# New 2010 CAAD9 - some pics



## coldplay (Jul 25, 2004)

Just picked this up the other day. First upgrade, wheels! After first ride I just ordered a Fizik Aliante saddle and Easton EC 90 bars. The stock saddle was killing me after only a few miles. Other than that... I'm in love!
Weighs 17.13 lbs with pedals
Size 58.
Hope you like her!


----------



## 88 rex (Mar 18, 2008)

Wow.....love the red!!

How tall are you?


----------



## dougmint (Mar 18, 2007)

*Cannondale CAAD9 4 red*

I want to get a red CAAD9 4 as well. That is my size too (58). What size is the seat tube at the front derailleur? I want to get a dog fang to prevent chain drops. Did you get this bike at REI? thanks, Doug


----------



## Devastator (May 11, 2009)

Nice, the red looks much better in your pictures than on the website.

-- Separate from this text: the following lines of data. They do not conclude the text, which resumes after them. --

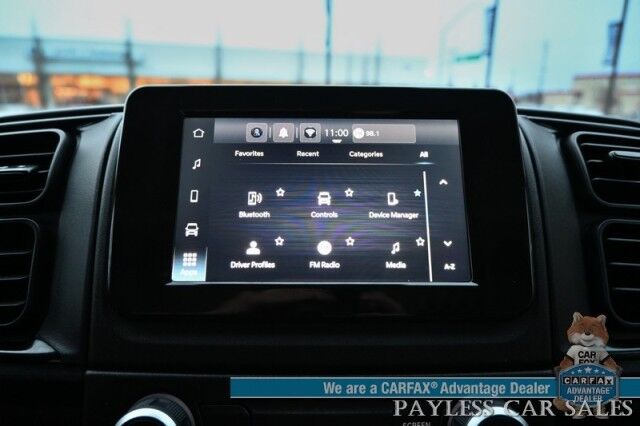 2023 Ram ProMaster Cargo Van 2500 / 3.6L V6 / Premium Cloth Seats / Power Mirrors, Windows, & Locks / Apple CarPlay & Android Auto / Back Up Camera / Keyless Entry & Start / Cruise Control / Bulk Head / Side Steps / 1-Owner Anchorage AK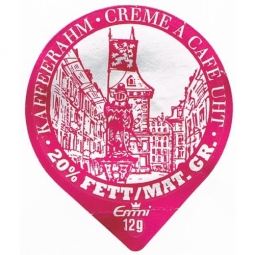 26 A - Berner Brunnen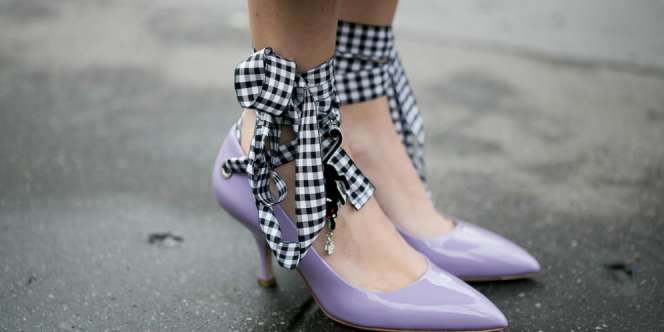 Hijaber, Ini Tips Pilih Sepatu Biar Lebih Matching dengan Baju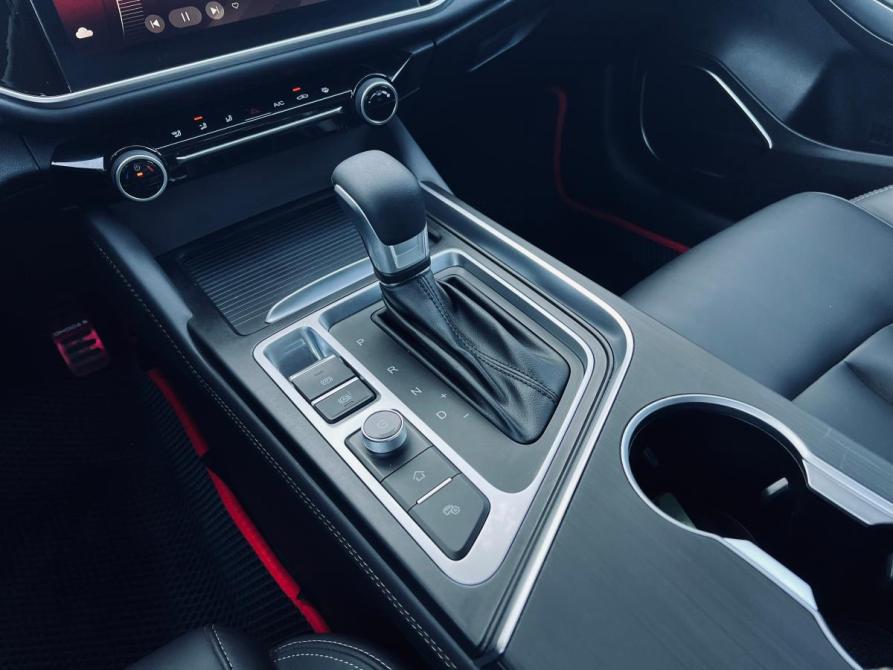 Omoda S5 Санкт-Петербург  - изображение 18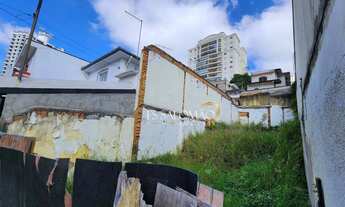 Imagem 6: Terreno limpo pronto para construir!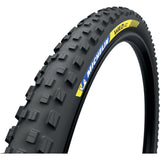 Michelin WILD XC - GUM-X Racing Line Faltreifen / Schwarz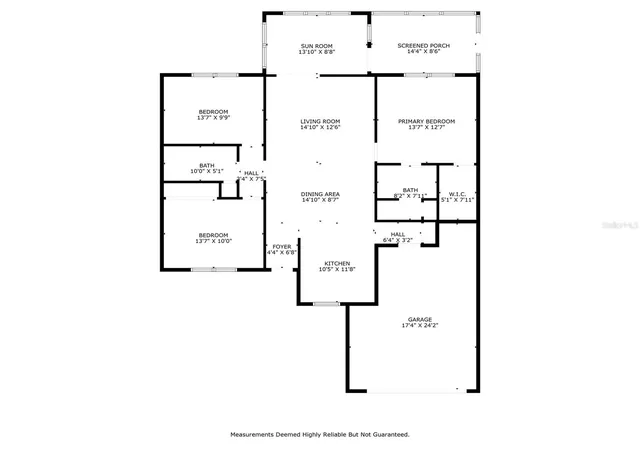 40th image of 870 Henderson Ln, The Villages, FL 32162 | MLS# G5101221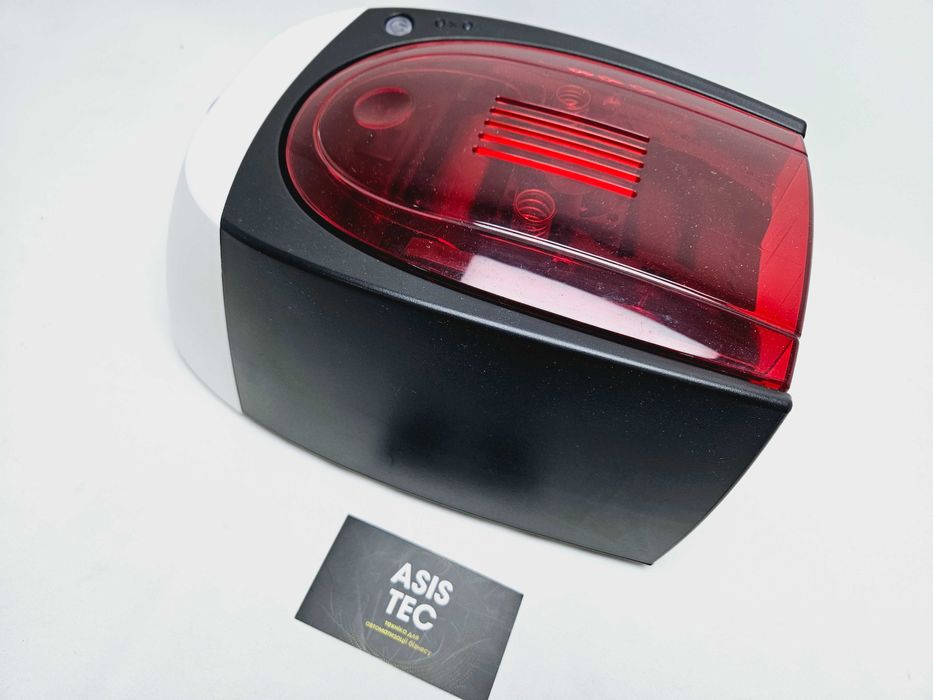 EVOLIS BADGY100 принтер пластикових карт 1-сторонній USB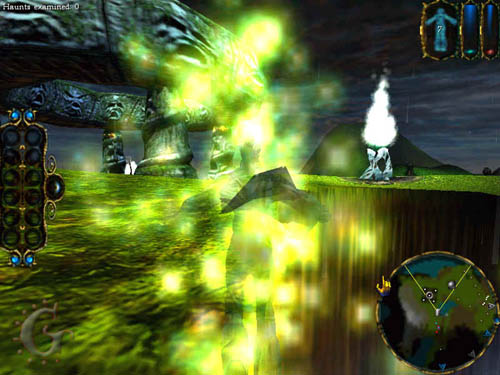Sacrifice screenshot 11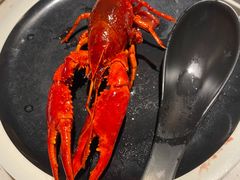 -京韵胡同·酱香羊蝎子火锅涮肉(长寿路店)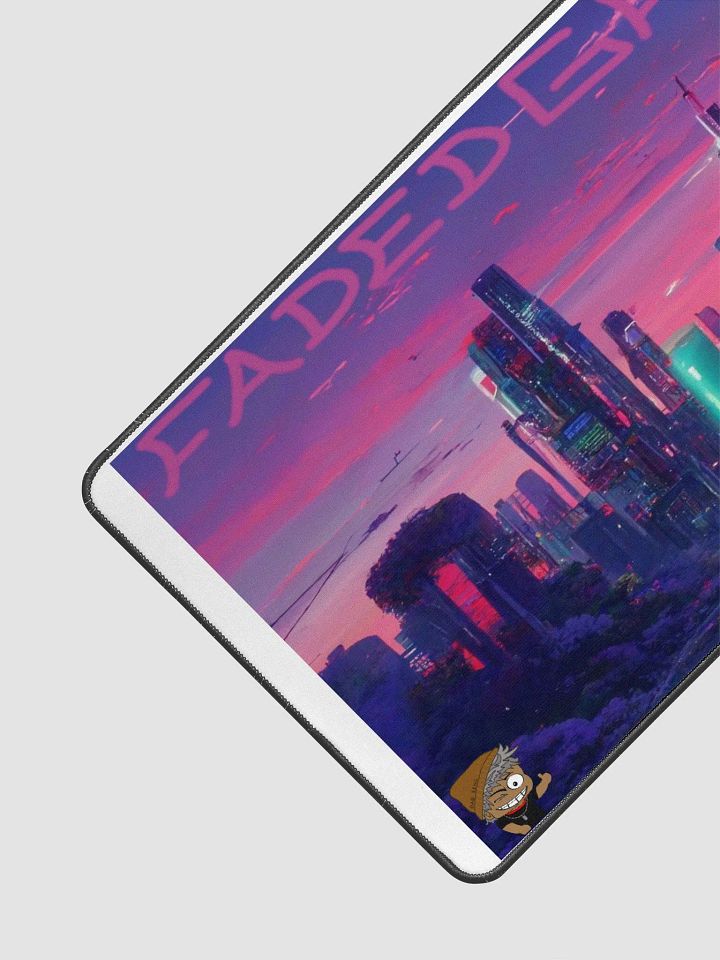 Faded Gang WRLD product image (2)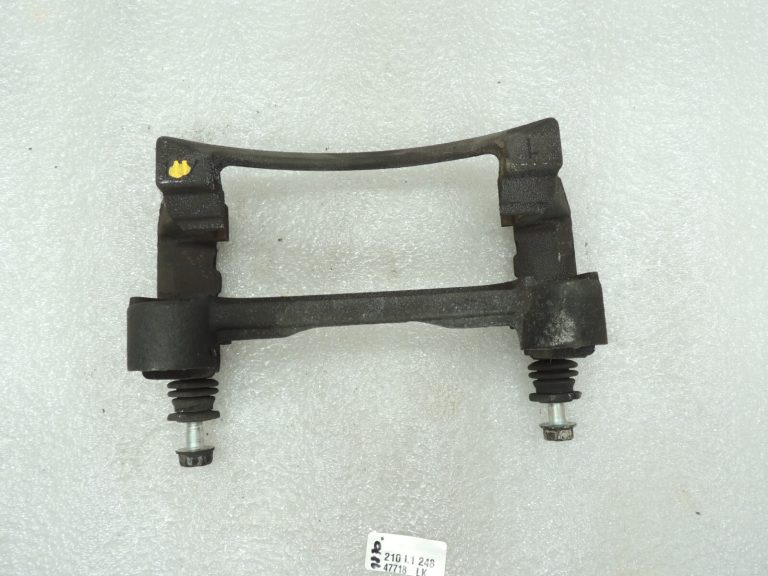 Renault Espace V MK5 JR Priekšējais kreisais labais bremžu suporta kronšteins 410140947R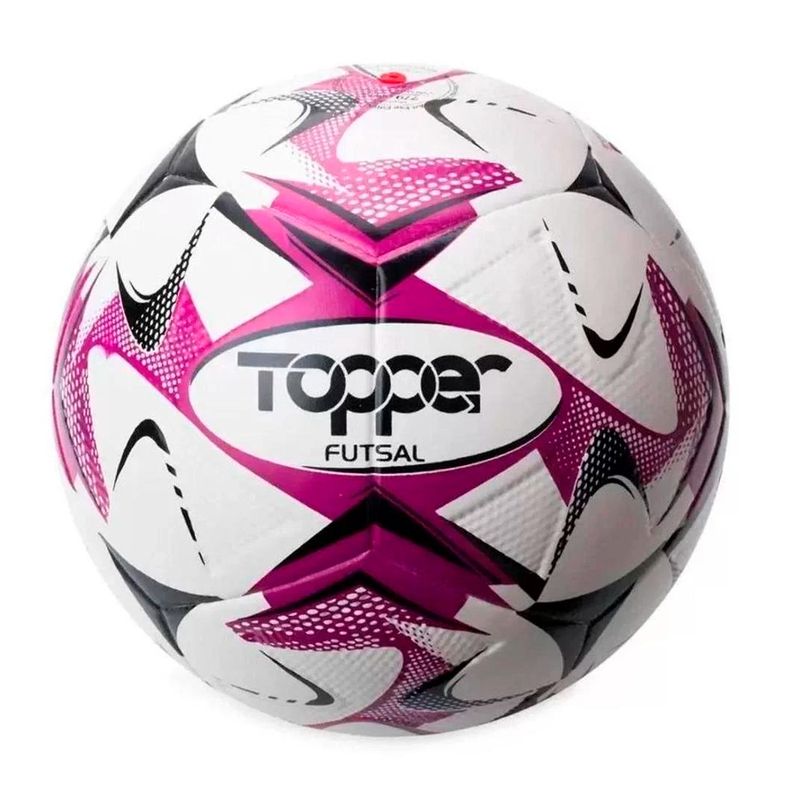 Bola de Futebol Society Topper 22 I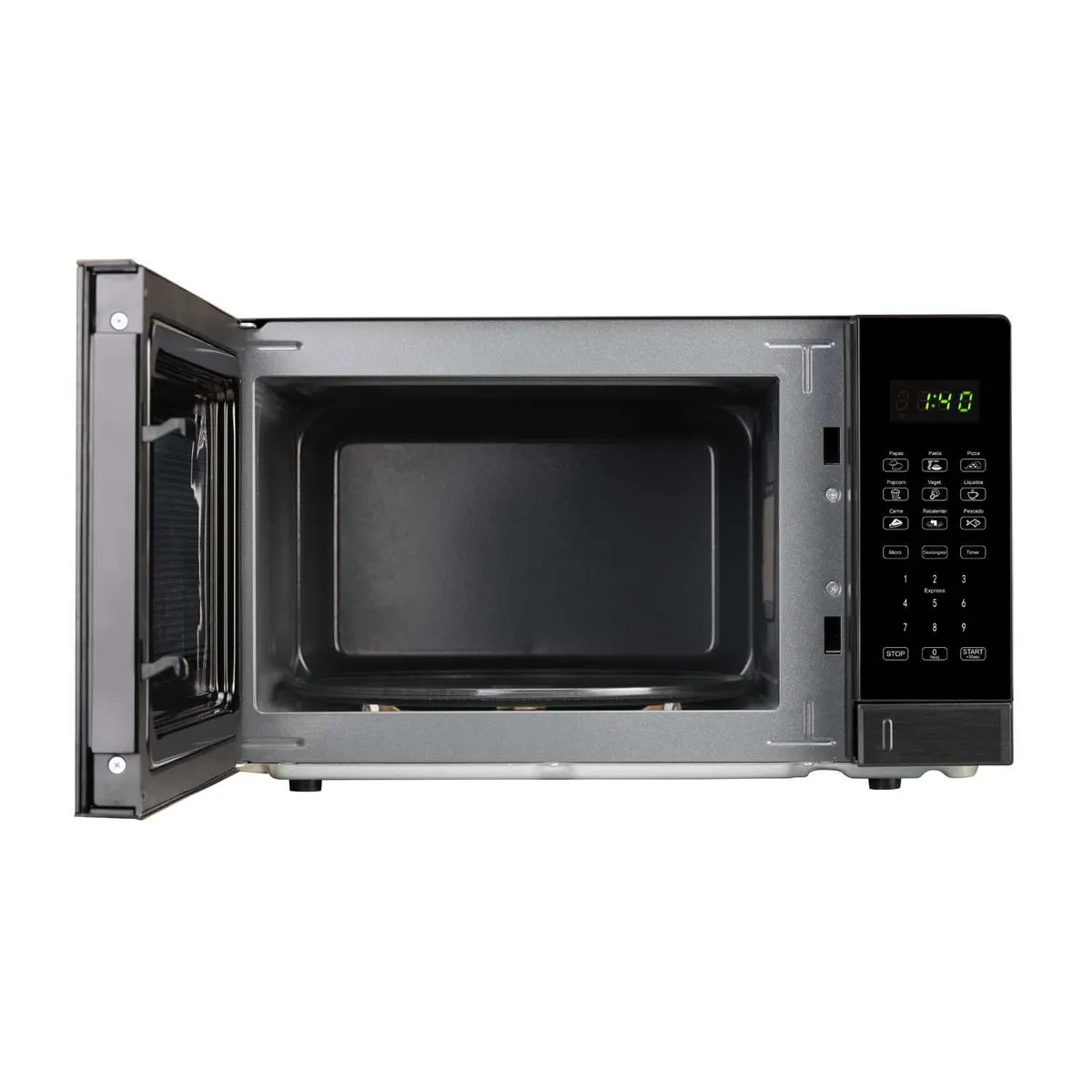 Thomas - Horno Microondas 30 Litros TH MW30DN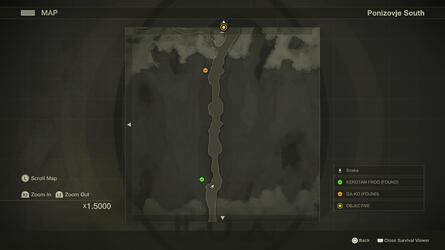 Metal Gear Solid Delta: Ponizovje South Walkthrough 11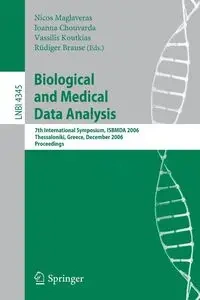 Biological and Medical Data Analysis - Maglaveras Nicos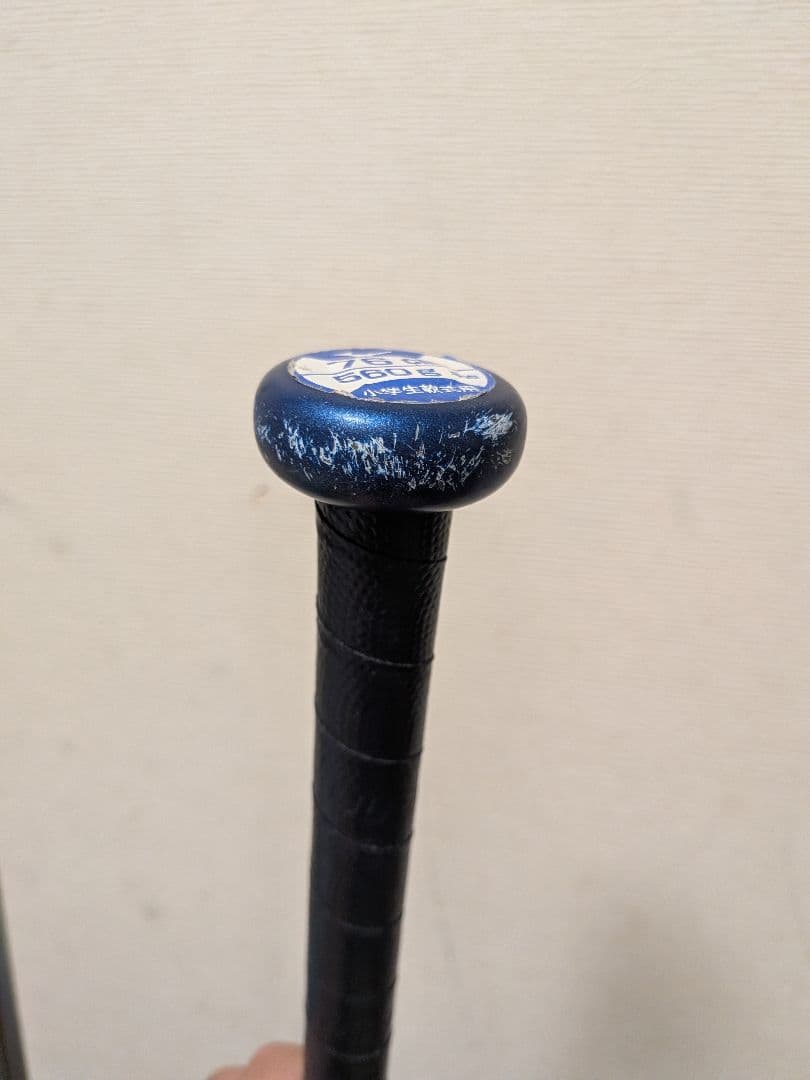 ミズノ ビヨンドマックスレガシー 軟式バット ミドルバランス 76cm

Also the Cdale cages match your color scheme well.


----------



## coldplay (Jul 25, 2004)

Thanks guys. 
I'm 6'2"
seat tube at FD is 34.9
I bought the bike from my LBS in Bedford county, PA... it's about 10 minutes from the Cdale plant.


----------



## dougmint (Mar 18, 2007)

What length stem comes with the 58?


----------



## AvantDale (Dec 26, 2008)

IIRC 110mm


----------



## LOUISSSSS (Dec 14, 2009)

mind PMing me the price you paid for the bike out the door?


----------



## skaruda_23 (May 8, 2009)

Wow beautiful bike! I am jealous. Those easton wheels look good on it too!


----------



## Yamabushi (Sep 30, 2008)

*Sorry, double post*

Sorry, double post


----------



## Yamabushi (Sep 30, 2008)

Congratulations, it looks great!

I am awaiting the arrival of my CAAD9 BBQ Size 56 frameset, that will be built up with the new internal routing 105 gruppo, so I've been closely following the Cannondale forum here for a while. A lot of nice bikes here!

Cheers,
Pete


----------



## dougmint (Mar 18, 2007)

How can the seat tube be 34.9 at the FD, if the seat post is a 27.2? Does the tube get larger as it goes toward the BB?


----------



## T K (Feb 11, 2009)

dougmint said:


> How can the seat tube be 34.9 at the FD, if the seat post is a 27.2? Does the tube get larger as it goes toward the BB?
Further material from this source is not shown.